═══ Records to process ═══

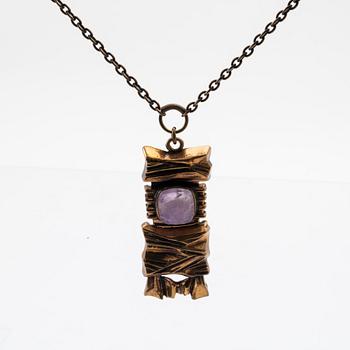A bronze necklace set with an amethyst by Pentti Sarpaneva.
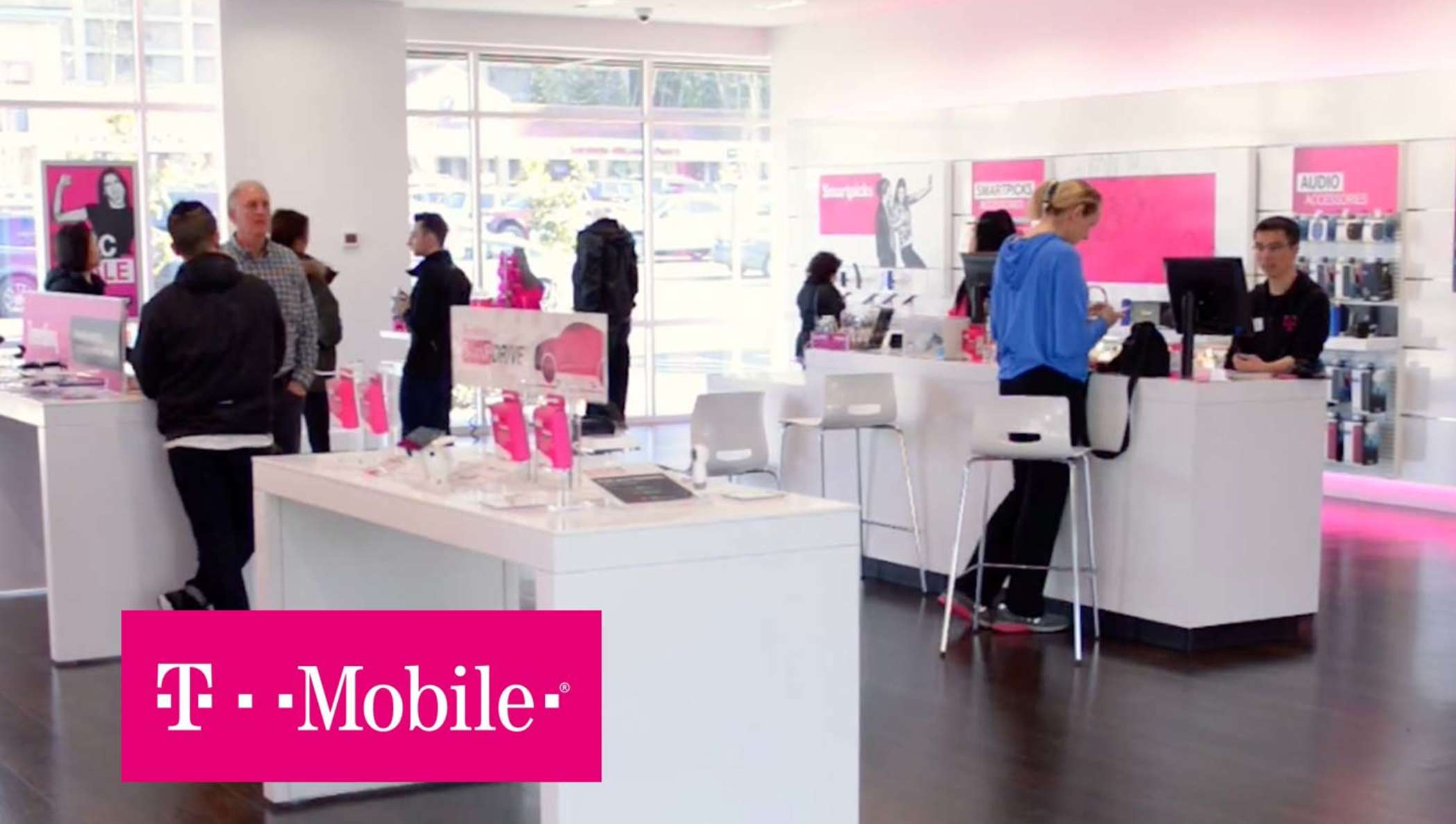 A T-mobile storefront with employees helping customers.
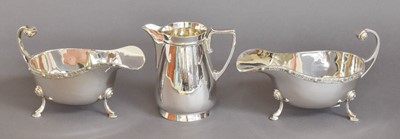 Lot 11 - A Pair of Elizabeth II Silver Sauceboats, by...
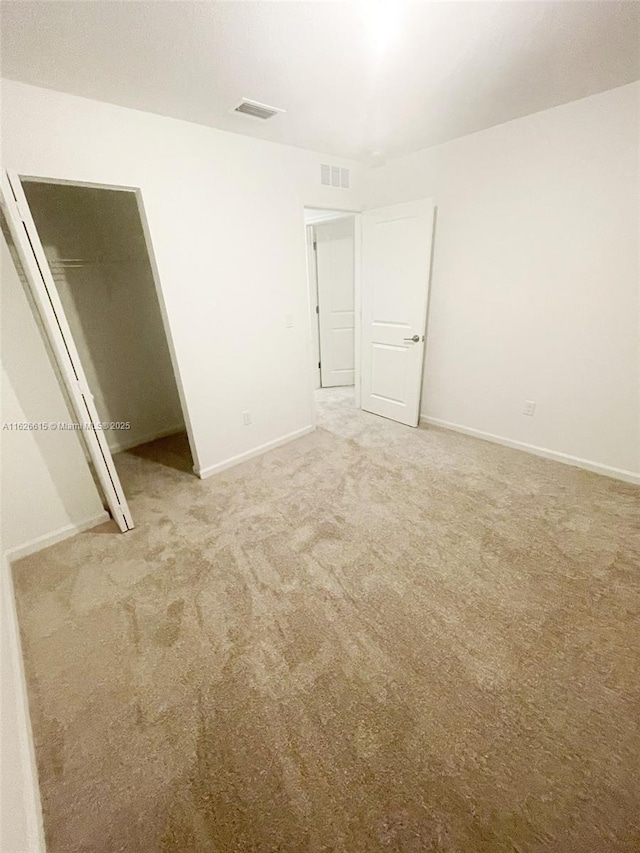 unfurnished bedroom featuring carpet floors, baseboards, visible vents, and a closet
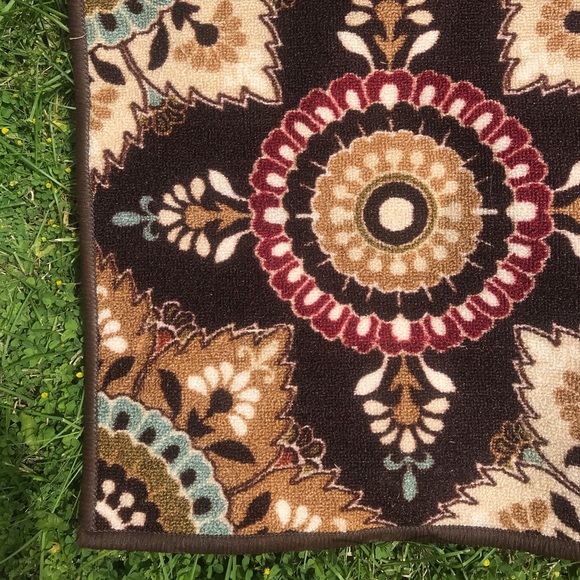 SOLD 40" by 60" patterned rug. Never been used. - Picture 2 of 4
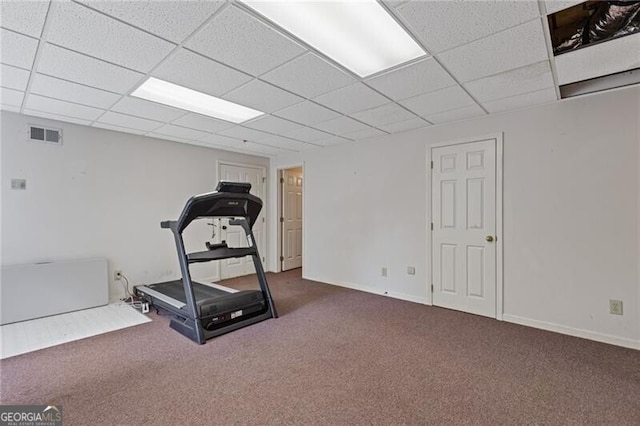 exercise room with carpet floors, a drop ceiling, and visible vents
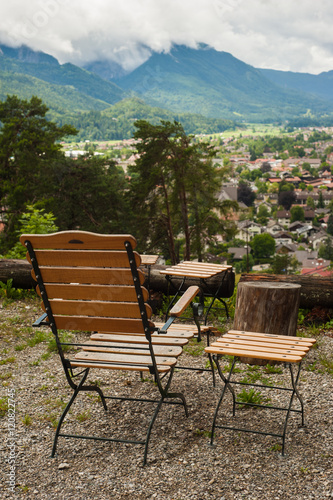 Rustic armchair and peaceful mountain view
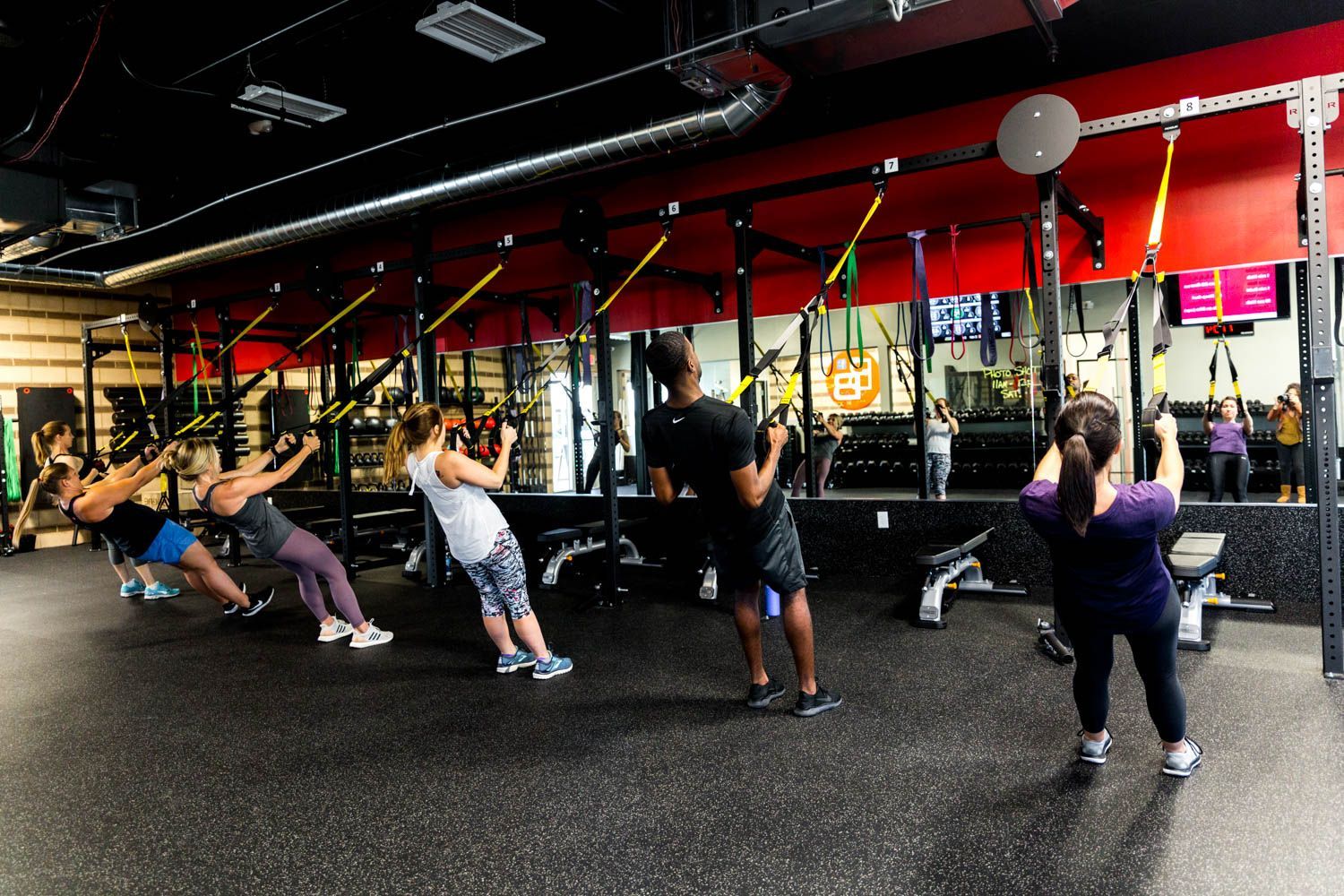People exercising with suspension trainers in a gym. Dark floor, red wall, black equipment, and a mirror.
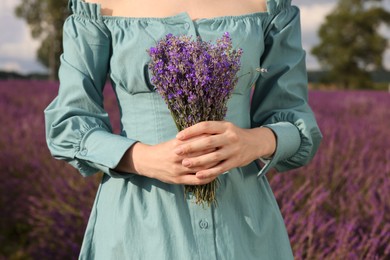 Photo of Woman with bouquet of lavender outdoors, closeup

═══
═══ Records to process ═══

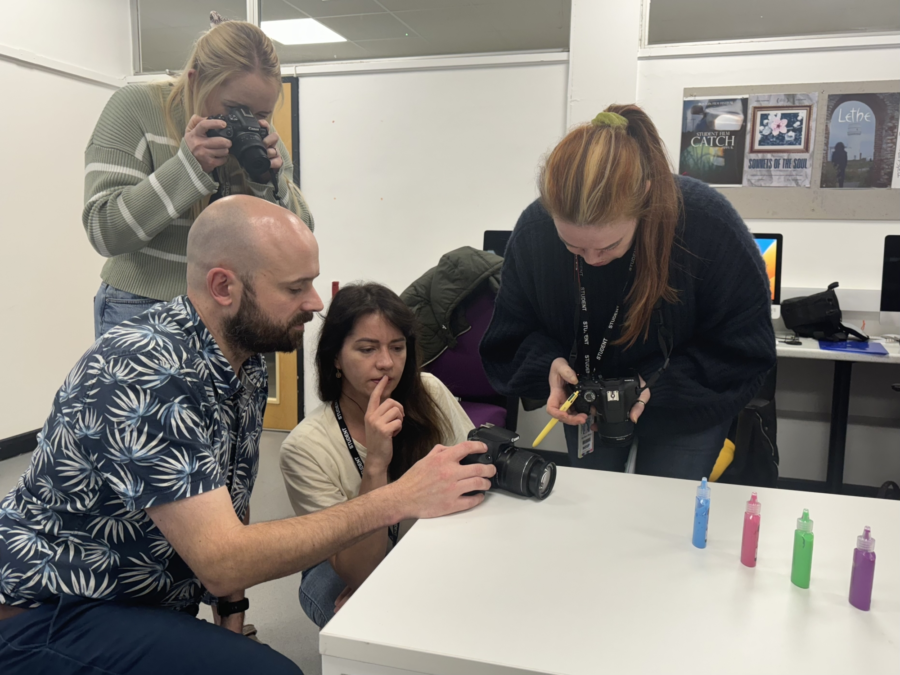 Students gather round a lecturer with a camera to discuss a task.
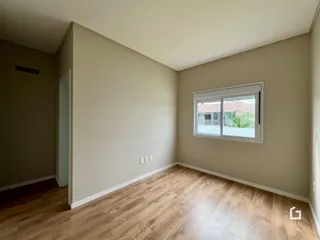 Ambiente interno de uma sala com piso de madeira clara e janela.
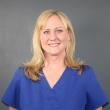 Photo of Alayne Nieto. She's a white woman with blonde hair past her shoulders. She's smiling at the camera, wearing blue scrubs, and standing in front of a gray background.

═══
═══ Records to process ═══

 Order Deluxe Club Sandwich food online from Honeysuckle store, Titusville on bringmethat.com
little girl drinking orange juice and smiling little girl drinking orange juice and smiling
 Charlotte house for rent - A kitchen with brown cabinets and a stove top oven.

═══

Extract the part of the records that opens with the line containing "Picture 2 of 4" and closes with the line containing "Photo of Woman". Take only those lines, exactly, and no pictures.

 SOLD 40" by 60" patterned rug. Never been used. - Picture 2 of 4
 exercise room with carpet floors, a drop ceiling, and visible vents
 Rustic armchair and peaceful mountain view
People exercising with suspension trainers in a gym. Dark floor, red wall, black equipment, and a mirror.
 Photo of Woman with bouquet of lavender outdoors, closeup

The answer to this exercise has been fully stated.